* **WORK ORDER**
Go to the line with "Love Yourself Mini Dress>Hell Bunny Cheap" in the material below and copy from there through the line with "casual 4-colors mesh", exactly. Pictures are not copied.

* **RECORD SET**
#####

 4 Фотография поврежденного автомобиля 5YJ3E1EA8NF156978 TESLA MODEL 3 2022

#####

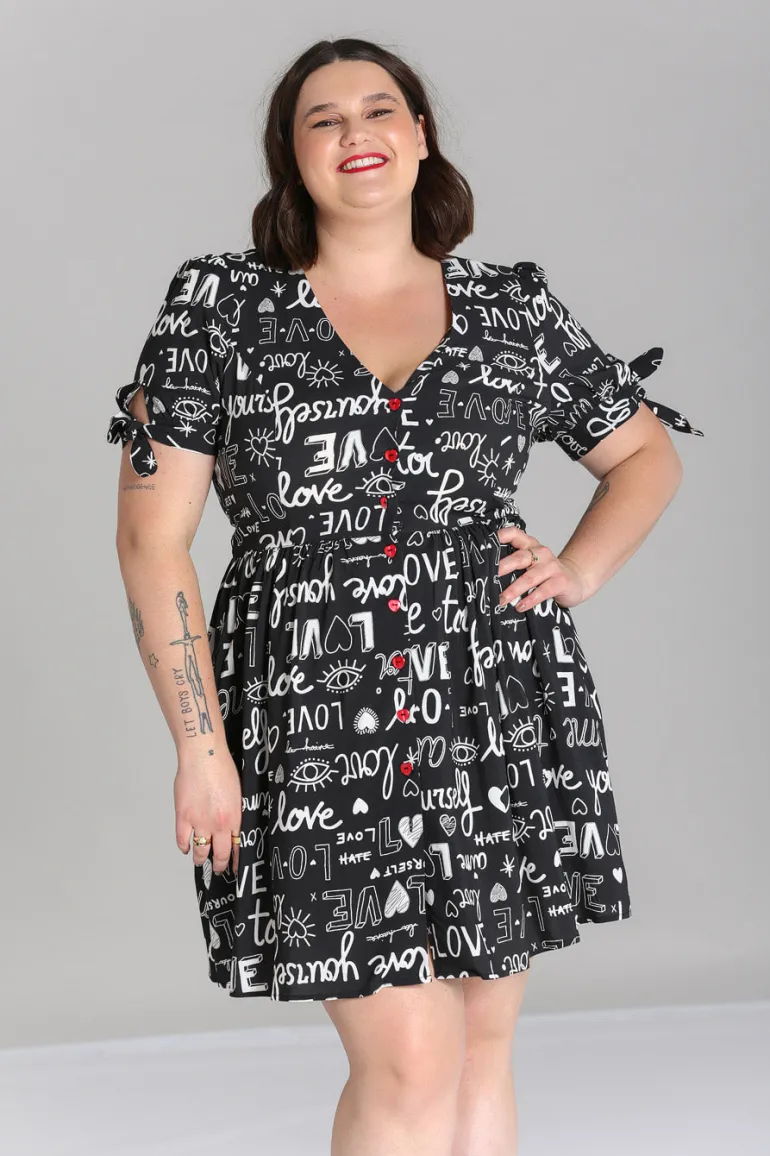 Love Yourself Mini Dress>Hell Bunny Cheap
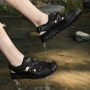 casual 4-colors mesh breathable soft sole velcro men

#####

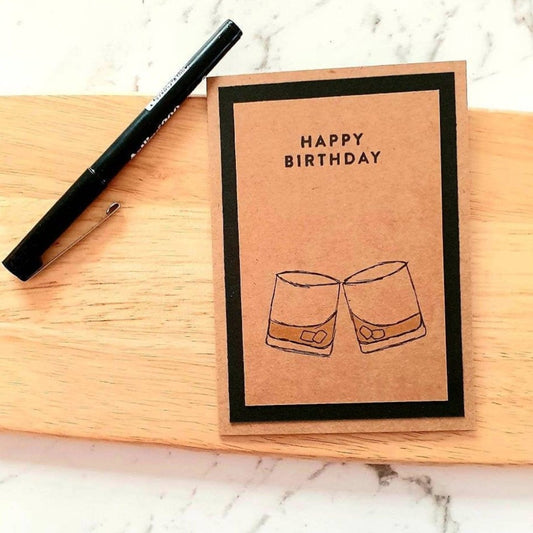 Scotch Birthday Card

#####

* **RESPONSE**
 Love Yourself Mini Dress>Hell Bunny Cheap
 casual 4-colors mesh breathable soft sole velcro men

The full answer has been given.